Un aquilone e una bambola, il dramma dei bambini soldato

Un aquilone. Ho sparato per la prima volta a 13 anni. O forse a 14. Mi hanno detto di dimenticarmi la mia età. Io l’ho dimenticata. Ho dimenticato la mia infanzia. Se mai ne ho avuta una. Mi hanno rapito nel mio villaggio. Mi hanno messo in mano un fucile. Mi hanno detto: ‘Uccidi’. Non capivo. Li, davanti a me, c’era il mio migliore amico. Mi hanno drogato. Avevo un coltello puntato sul collo. Ho sparato. Qui, sdraiato su una panchina di Roma, non c’è notte che non senta il rumore di quello sparo. Che non veda le lacrime del mio amico. Perché non ho chiuso gli occhi quando ho sparato?

È stato il mio battesimo. Ho ucciso tante altre volte. Non ricordo quante. Ogni vita, ora, è un urlo nella mia testa. Bevo, per farli smettere. Bevo, per non ricordare. Per non ricordare quando i miei amici mi cacciarono. Per non ricordare quando mi chiamarono rinnegato. Per non ricordare che pesavo 30 kg. Solo la vista del mare placa un po’ i miei sensi di colpa. Ogni tanto ci vado. E una volta vidi dei bambini che facevano volare uno strano oggetto. Gli chiesi cos’era. Mi dissero che era un aquilone. Non l’avevo mai visto prima. Rimasi ore a guardarli. Rimasi ore a guardare quell’innocenza che avrebbe potuto salvare la mia anima. Ricordo come arrivai qui. Su un barcone. Accanto a me c’era un ragazzo. Poteva avere la stessa età che avevo io quando imbracciai il fucile per la prima volta. Mi riconobbe. Si fece la pipì addosso. Era con sua madre. Mi guardò con gli occhi terrorizzati. Mi disse che avevo ucciso suo padre. Gli chiesi scusa. Piansi. Non ero io ad aver ucciso suo padre. Era stato quello che avevano fatto di me. Non lo avrei ucciso se in mano, invece di un mitra, mi avessero messo un aquilone.
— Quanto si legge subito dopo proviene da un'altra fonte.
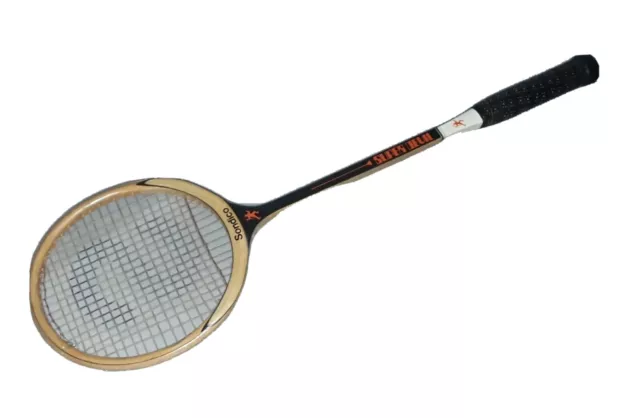 Sondico Super Devil selten & Vintage hölzerner Squashschläger wie von Roland Watson gebraucht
Una bambola. Mi hanno stappata dalle braccia di mia madre a 14 anni. Mi hanno portata al loro campo. Mi mandavano avanti e indietro a cercare cibo. Dovevo cucinare per tutti. Dovevo pulire gli angoli dove facevano i loro bisogni. Mi hanno violentata. A turno. Non hanno avuto bisogno di fucili per uccidermi. Hanno usato un metodo peggiore: mi hanno lasciato vivere.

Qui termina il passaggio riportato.